São três os que abrem a porta de sua casa, onde moram juntos e falam sobre a sua história enquanto polycule. Por outras palavras, amam amores. Ao testemunho na voz de quem vive, viveu e tentou uma relação poliamorosa, junta-se Daniel Cardoso, investigador na Manchester Metropolitan University, no Reino Unido.
No apartamento que partilham, estão sentados à mesa da sala de estar onde fazem um regresso ao passado. Tudo começou quando Bruno e Mariana, aos 16 anos, atualmente 30 e 31, se conheceram no Fotolog, um site online criado antes do Facebook. “Posteriormente, cruzámo-nos num concerto, num bar, em Cacilhas”, diz Bruno.
A amizade deu lugar a uma relação, monogâmica, que durou nove anos, até deixarem ‘entrar’ outras pessoas. Pelo caminho, surgiu Cris, 25 anos. “Certo dia dei match no Tinder com o Bruno, não sabendo que era marido da Mariana e, entretanto, a nossa união já dura há mais de dois anos”, conta, dando uma gargalhada. São uma polycule, termo usado na comunidade poliamorosa para apelidar a família ou rede de pessoas que têm relações em comum. “Além de uma relação, é uma rede de afetos”, diz Mariana, atualmente uma das representantes do PolyPortugal, o coletivo português que se foca em não monogamias consensuais. É o maior grupo de discussão e apoio para pessoas que se interessam e/ou praticam o poliamor, em Portugal.
O poliamor é a capacidade de amar mais do que uma pessoa. Pressupõe uma relação amorosa e sexual, ou não, entre três ou mais pessoas ao mesmo tempo, com o consentimento de todos. É uma forma, entre outras, de não monogamia consensual. “É válido, possível e positivo para todas as pessoas envolvidas”, afirma o investigador Daniel Cardoso.
“A base essencial é o consentimento, associado à comunicação e à responsabilidade emocional e psicológica, por todos os envolvidos”
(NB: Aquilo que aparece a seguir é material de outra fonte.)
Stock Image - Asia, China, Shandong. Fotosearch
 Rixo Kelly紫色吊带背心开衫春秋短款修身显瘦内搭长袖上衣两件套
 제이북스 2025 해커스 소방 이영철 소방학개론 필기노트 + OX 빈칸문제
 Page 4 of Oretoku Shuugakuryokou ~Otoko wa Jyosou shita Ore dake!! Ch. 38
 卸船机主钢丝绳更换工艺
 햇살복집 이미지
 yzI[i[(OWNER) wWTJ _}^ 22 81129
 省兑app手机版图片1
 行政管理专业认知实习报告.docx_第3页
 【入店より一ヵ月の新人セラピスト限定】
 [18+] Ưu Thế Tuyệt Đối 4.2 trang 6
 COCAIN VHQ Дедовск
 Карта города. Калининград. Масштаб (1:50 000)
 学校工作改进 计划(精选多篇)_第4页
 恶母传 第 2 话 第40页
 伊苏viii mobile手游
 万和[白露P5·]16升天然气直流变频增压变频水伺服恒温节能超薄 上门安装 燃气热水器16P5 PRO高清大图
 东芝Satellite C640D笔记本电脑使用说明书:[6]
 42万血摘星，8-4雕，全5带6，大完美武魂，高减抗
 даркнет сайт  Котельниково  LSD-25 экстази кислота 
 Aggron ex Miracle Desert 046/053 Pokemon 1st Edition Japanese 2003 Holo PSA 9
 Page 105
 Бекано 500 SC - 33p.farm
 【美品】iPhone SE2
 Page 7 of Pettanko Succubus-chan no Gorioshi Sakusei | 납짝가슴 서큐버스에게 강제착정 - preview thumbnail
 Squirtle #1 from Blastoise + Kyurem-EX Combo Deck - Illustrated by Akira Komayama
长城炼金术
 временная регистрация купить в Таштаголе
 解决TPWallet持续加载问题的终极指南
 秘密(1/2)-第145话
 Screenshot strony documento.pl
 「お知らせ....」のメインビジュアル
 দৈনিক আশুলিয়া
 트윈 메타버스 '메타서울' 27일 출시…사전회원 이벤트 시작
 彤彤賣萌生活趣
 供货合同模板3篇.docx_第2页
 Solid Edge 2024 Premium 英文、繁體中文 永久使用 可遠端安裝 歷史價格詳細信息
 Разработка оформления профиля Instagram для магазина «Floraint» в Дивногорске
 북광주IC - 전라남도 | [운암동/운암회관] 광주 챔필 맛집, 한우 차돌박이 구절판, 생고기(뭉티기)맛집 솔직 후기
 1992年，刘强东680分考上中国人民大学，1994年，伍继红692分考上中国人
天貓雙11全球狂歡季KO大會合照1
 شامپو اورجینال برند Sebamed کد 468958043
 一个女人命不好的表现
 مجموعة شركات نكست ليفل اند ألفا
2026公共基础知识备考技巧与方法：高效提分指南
Como em qualquer relação, existem prós e contras. No poliamor são os mesmos de uma família “normal”, mas com uma estrutura maior. Há benefícios, como a partilha de responsabilidades e um núcleo que se cuida e entreajuda, bem como uma comunidade que acolhe e conforta. Daniel Cardoso afirma: “A base essencial é o consentimento associado à comunicação e à responsabilidade emocional e psicológica por todos os envolvidos.”
Quanto aos prós, Bruno aponta “a possibilidade de ser livre, sem posse”. Não há, portanto, o sentimento de exclusividade presente no amor romântico. “Gosto de conhecer outras pessoas e é ótimo fazer isso, estando num relacionamento”, diz Cris, acenando com a cabeça ao ouvir Bruno. “Ao nível sexual, para as pessoas que são sexuais, explora-se coisas novas, e não há uma única pessoa que tem de preencher as necessidades do parceiro. Não se pode esperar que o outro consiga dar tudo, o esperado numa relação monogâmica, porque ninguém tem essa capacidade. Numa relação não monogâmica não há essa expectativa”, refere Mariana.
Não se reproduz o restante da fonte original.